Suasana Stasiun Bandung
233 Ribu Tiket Kereta Api Lebaran di Daop 2 Bandung Telah Terjual
Roni Kurniawan • 13 March 2026 12:35
Bandung: PT Kereta Api Indonesia (KAI) Daop 2 Bandung menyediakan total kapasitas 345.840 tempat duduk selama periode Angkutan Lebaran 2026. Hingga Kamis, 12 Maret 2026, penjualan tiket kereta api dari wilayah Daop 2 Bandung telah mencapai 233.872 tiket.
Direktur Operasi PT KAI, Awan Hermawan Purwadinata mengatakan sekitar 67,6 persen tiket dari total kapasitas yang disediakan telah terjual, menunjukkan masih tingginya minat masyarakat menggunakan kereta api.
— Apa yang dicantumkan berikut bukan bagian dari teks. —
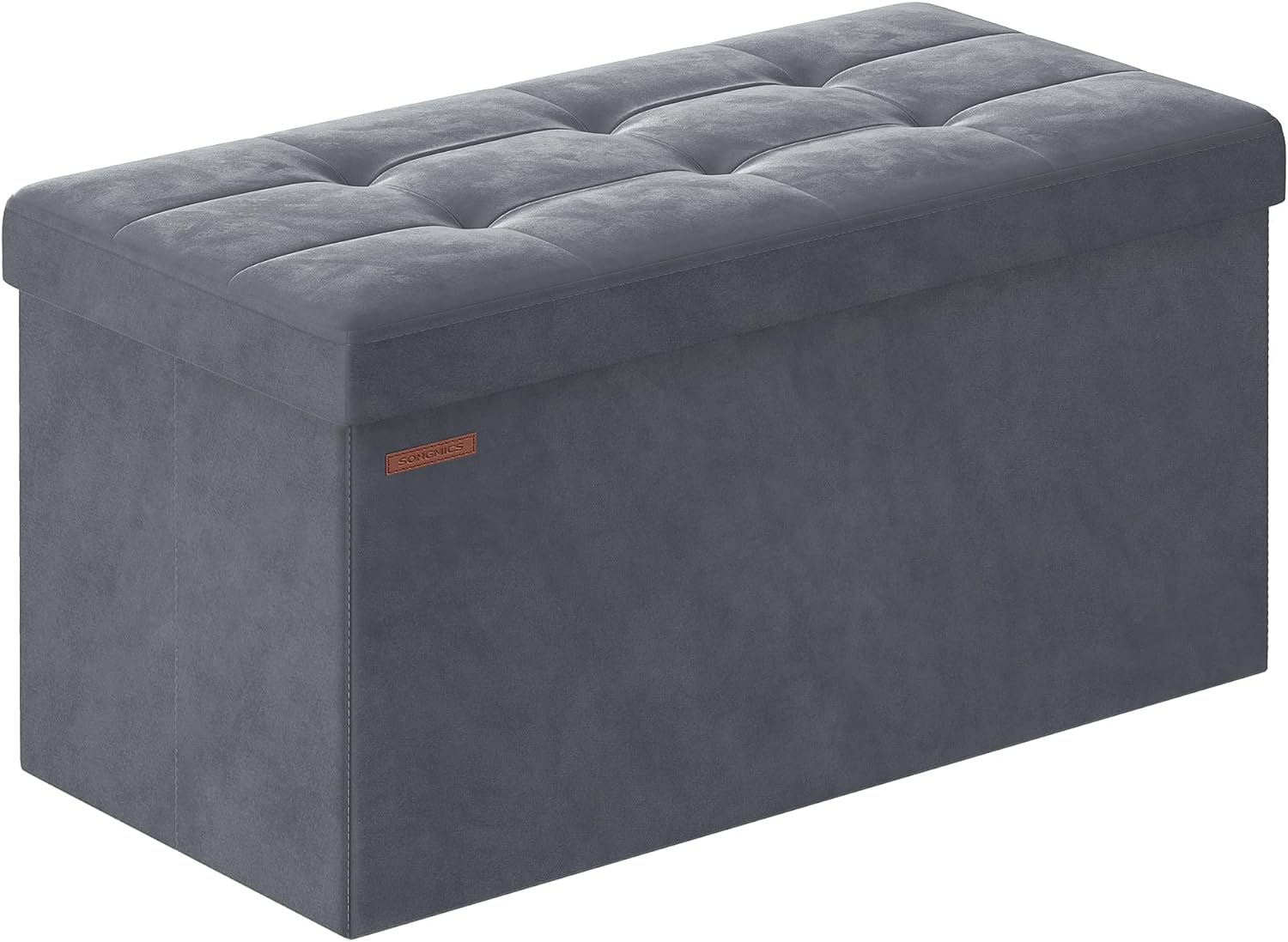 SONGMICS Storage Ottoman, Foldable Small Ottoman Foot Rest, 38 x 76 x 38 cm Foot...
Selain itu, sebanyak 54.462 tiket promo dengan diskon 30 persen juga telah terjual selama periode penjualan.
"Jumlah tersebut terdiri dari 24 perjalanan kereta api reguler serta empat perjalanan kereta api tambahan," kata Awan di Stasiun Bandung, Jumat, 13 Maret 2026.
Awan menuturkan, sejumlah kereta api mencatat tingkat penjualan tertinggi pada masa Angkutan Lebaran tahun ini. Di antaranya KA Kahuripan, KA Tambahan Kiaracondong–Surabaya Gubeng, KA Cikuray, KA Kutojaya Selatan, KA Malabar, dan KA Harina.
Dari sisi layanan stasiun, KAI Daop 2 Bandung mengoperasikan 54 stasiun yang melayani perjalanan kereta api selama periode Angkutan Lebaran 2026. Sementara itu, layanan pembatalan tiket disediakan di lima stasiun.
"Untuk meningkatkan kemudahan layanan pelanggan, fasilitas face recognition juga telah diterapkan di Stasiun Bandung dan Stasiun Kiaracondong guna mempercepat proses boarding," sambung Awan.
Diakui Awan, dalam mendukung operasional perjalanan kereta api selama periode tersebut, KAI Daop 2 Bandung menyiapkan sarana yang terdiri dari 31 lokomotif, 241 kereta, serta empat trainset Kereta Rel Diesel Elektrik (KRDE). Seluruh sarana telah melalui pemeriksaan dan perawatan guna memastikan kesiapan operasional.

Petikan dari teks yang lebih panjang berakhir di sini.